This paper defines a notion of an equilibrium and a pseudo-equilibrium for infinite horizon economies with incomplete asset markets. This definition generalizes the usual ones for finite horizon economies with incomplete markets and for infinite horizon economies with complete markets. We establish the existence of a pseudo-equilibrium when assets are short-lived and denominated in general commodity bundles; we obtain a true equilibrium when assets are denominated solely in a single numeraire commodity, or in units of account. It seems to us that the notion of an equilibrium we define is a natural and compelling one; as evidence, we show that our notion actually coincides with several other apparently quite distinct notions of an equilibrium.

The crucial issue that divides the infinite horizon setting from the finite horizon setting is the nature of debt constraints. In the finite horizon setting the constraint that there be no debt following the terminal date, together with the budget constraint, imply limits on debt at earlier dates. In the infinite horizon setting these terminal debt constraints and the implied debt constraints at earlier dates are absent If no additional debt constraints were imposed, then an equilibrium could not possibly exist: all traders would attempt to finance unbounded levels ot consumption by unbounded levels of borrowing. When markets are complete, such Ponzi schemes may be ruled out by the simple requirement that debt at each date/event never exceeds the current value of future endowments; this is frequently called a solvency requirement.

Completeness of markets guarantees that solvency is an unambiguous requirement.
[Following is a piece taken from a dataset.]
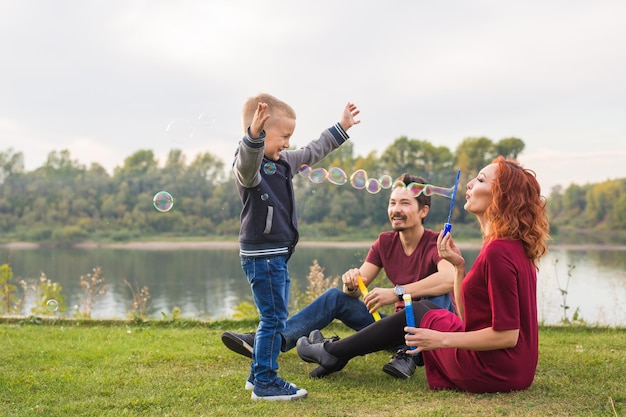 Foto frau sitzt am see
Moreover, in the presence of appropriate assumptions about preferences and endowments, it is sufficient to guarantee that an equilibrium exists (see Bewley 1972, for instance). However, when markets are incomplete, solvency is no longer an unambiguous requirement. When markets are incomplete, marginal rates of substitution for different traders may not be equal at equilibrium; as a consequence, traders may not agree on current value prices.

In the complete markets setting, an alternative formulation of the solvency requirement is that, at each node, almost all the debt can be repaid in finite time; this latter formulation has the advantage that it makes perfect sense in the incomplete markets setting as well. 2 We say that such debt constraints are finitely effective This condition expresses the same intuition as the usual solvency condition and rules out Ponzi schemes. We show that it also meets the basic consistency test of sufficing for the existence of what we term a finitely effective equilibrium (with appropriate assumptions on preferences and endowments). A finitely effective equilibrium reduces to the usual notions of equilibrium in the infinite horizon setting with complete markets and in the finite horizon setting with incomplete markets.

Finitely effective debt constraints are not the only debt constraints that will rule out Ponzi schemes. In a sense, however, they are the only debt constraints that are compatible with equilibrium and with the minimal ability to borrow and lend that we expect in our model. To make this assertion precise, we identify a broad class of debt constraints and show that whenever one of these more general debt constraints is compatible with an equilibrium, it necessarily reduces to the finitely effective constraints.